The 'training_sample1' directory contains a volume that was used to train a boundary classifier to used in subsequent parts of the segmentation flow. To generate a classifier, one should use the Ilastik tool from Heidelberg (http://www.ilastik.org). One should open up the grayscale stack, create multiple class labels (where class label 0 should be designated as classifying cellular boundaries). These labels can be efficiently trained and saved to an ILP file format. We provide an example from our own pipeline for comparisons 'training_sample1/results/boundary_classifier_ilastik.ilp'.
The 'training_sample2' directory contains a grayscale image volume and its labeled groundtruth and is used to train an agglomeration classifier. This agglomeration classifier is produced by calling 'neuroproof_graph_train'. The inputs required is an oversegmented (watershed) volume 'oversegmented_stack_labels.h5' and its respective groundtruth 'groundtruth.h5'. Also, a prediction file ('prediction.h5') that contains multiple channels of class predictions for each label needs to be provided. (For now channel 0 is always treated as the boundary channel and channel 2 is the mitochondria channel IF mitochondria options are enabled in the pipeline, otherwise the predictions can be generic.)
The oversegmented volume can be achieved by running the Ilasitik boundary predictor over the image stack and generating a watershed. For now, NeuroProof does not support this operation; however, the open-source tool Gala (https://github.com/janelia-flyem/gala) can be used to take the boundary classification file produced by Ilastik and an image volume to produce an initial oversegmented stack.
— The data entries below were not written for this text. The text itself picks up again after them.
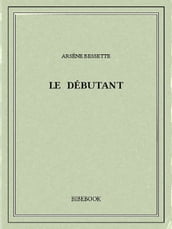 Le débutant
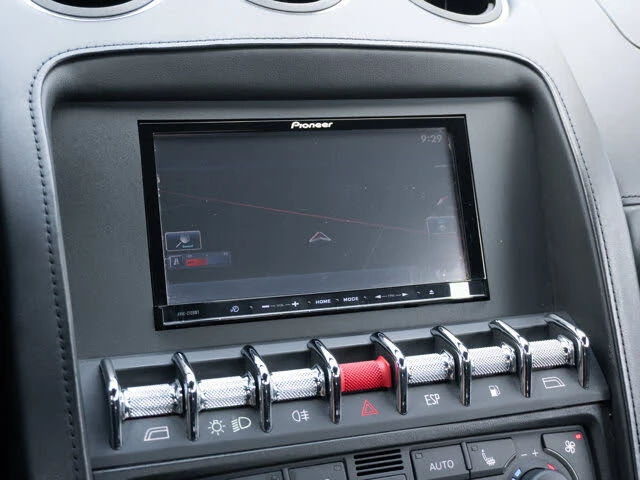 2009 Lamborghini Gallardo LP560-4 - Image 23 of 31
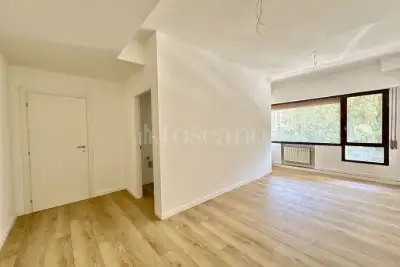 Casa in vendita, Via Cipro, Brescia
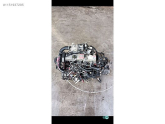 FORD CONNECT 1.8 110 LUK ÇIKMA MOTOR KOMPLE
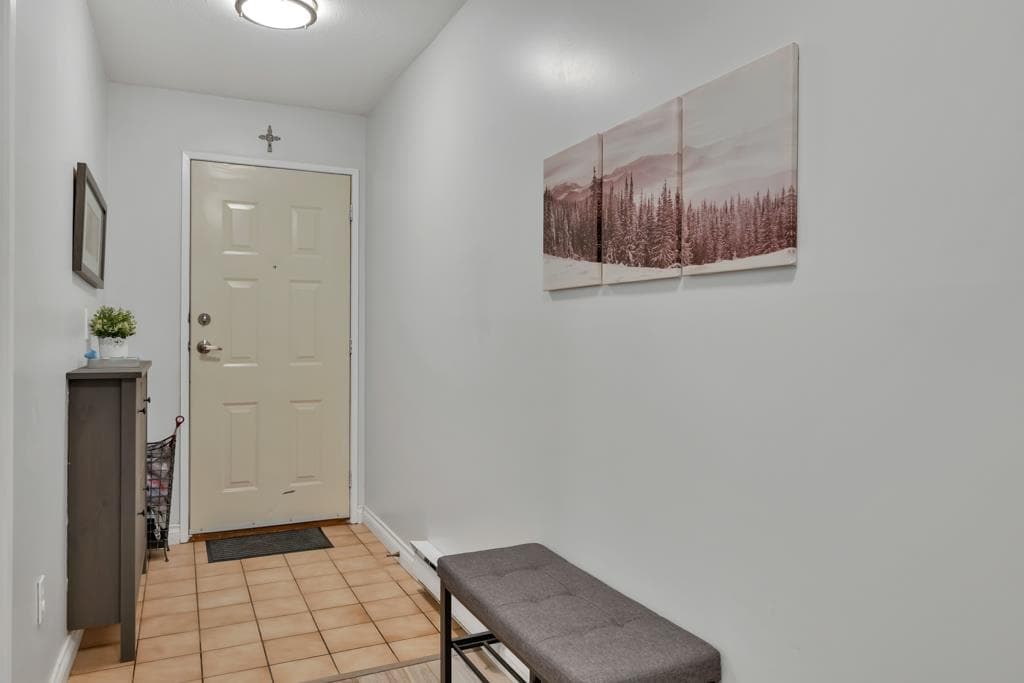 15 - 7525 Martin Place, Mission, V2V 6N2 — photo 4
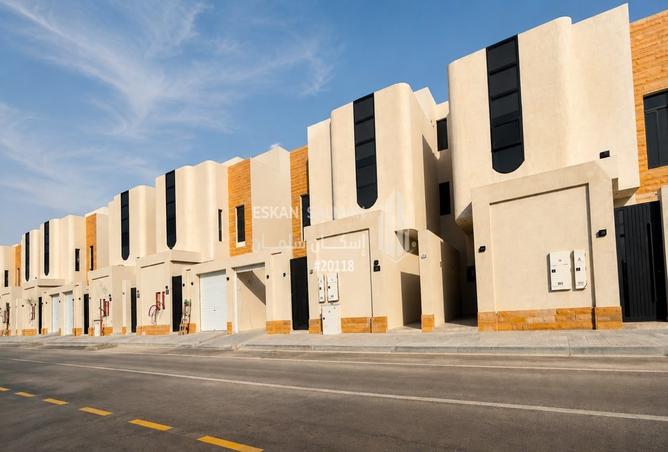 51910385 - Property Main Image
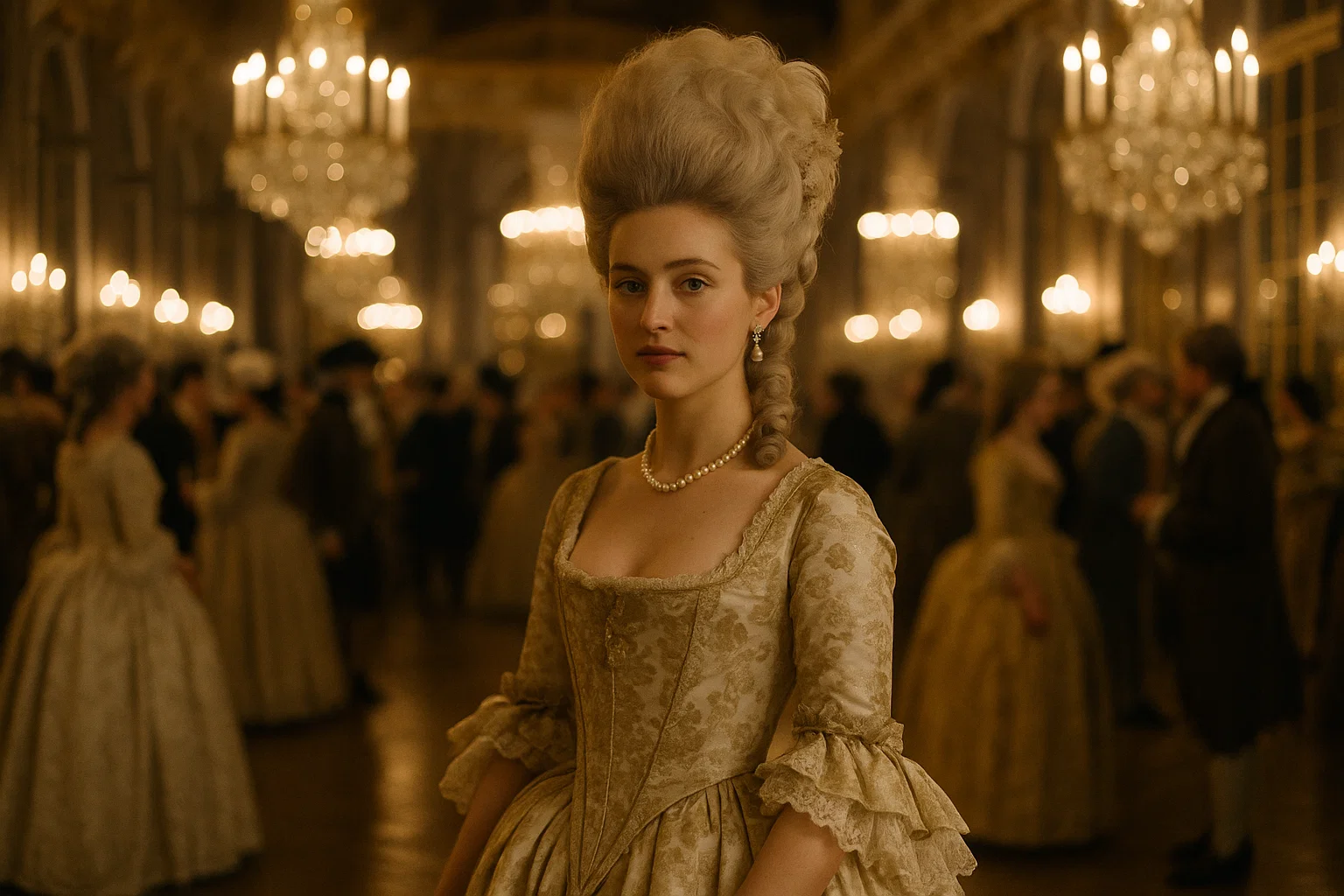 casting-tournage-epoque-versailles-film-figurants-figuration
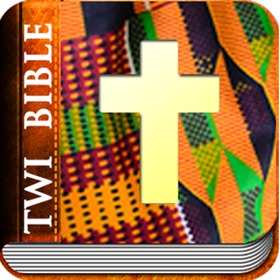 Twi Bible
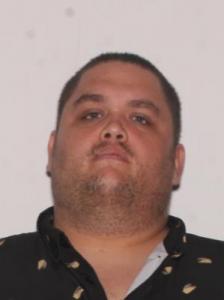 Taylor Shane Newman a registered Sexual Offender or Predator of Florida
An example of how Gala could be called:
gala-segmentation-pipeline -I '|graymaps|/*.png' --ilp-file |boundary classifier| --enable-gen-supervoxels --enable-gen-agglomeration --enable-gen-pixel --seed-size 5 |output directory| --segmentation-thresholds 0.0
The output directory will contain a label volume, as well as, a prediction file and other data not essential for agglomeration training.
Once an over-segmentation and ground-truth labeling exists, 'neuroproof_graph_train' can be called to produce a prediction using a strategy similar to [Nunez-Iglesias et al '13] (http://arxiv.org/abs/1303.6163). The following uses generates a classifier to be used if mitochondria labels are provided in channel 3 and one desires to classify edges using two passes:
neuroproof_graph_learn |oversegmented_labels| |prediction| |groundtruth| --strategy_type 1
If classification that does not consider mitochondria information is desired the following can be run:
neuroproof_graph_learn |oversegmented_labels| |prediction| |groundtruth| --strategy_type 2 --num_iterations 5
The output of these procedures is an agglomeration classifier. We provide example classifiers produced from the neuroproof using these two commands -- 'mito_aware.xml' and 'nomito_aware.h5' respectively.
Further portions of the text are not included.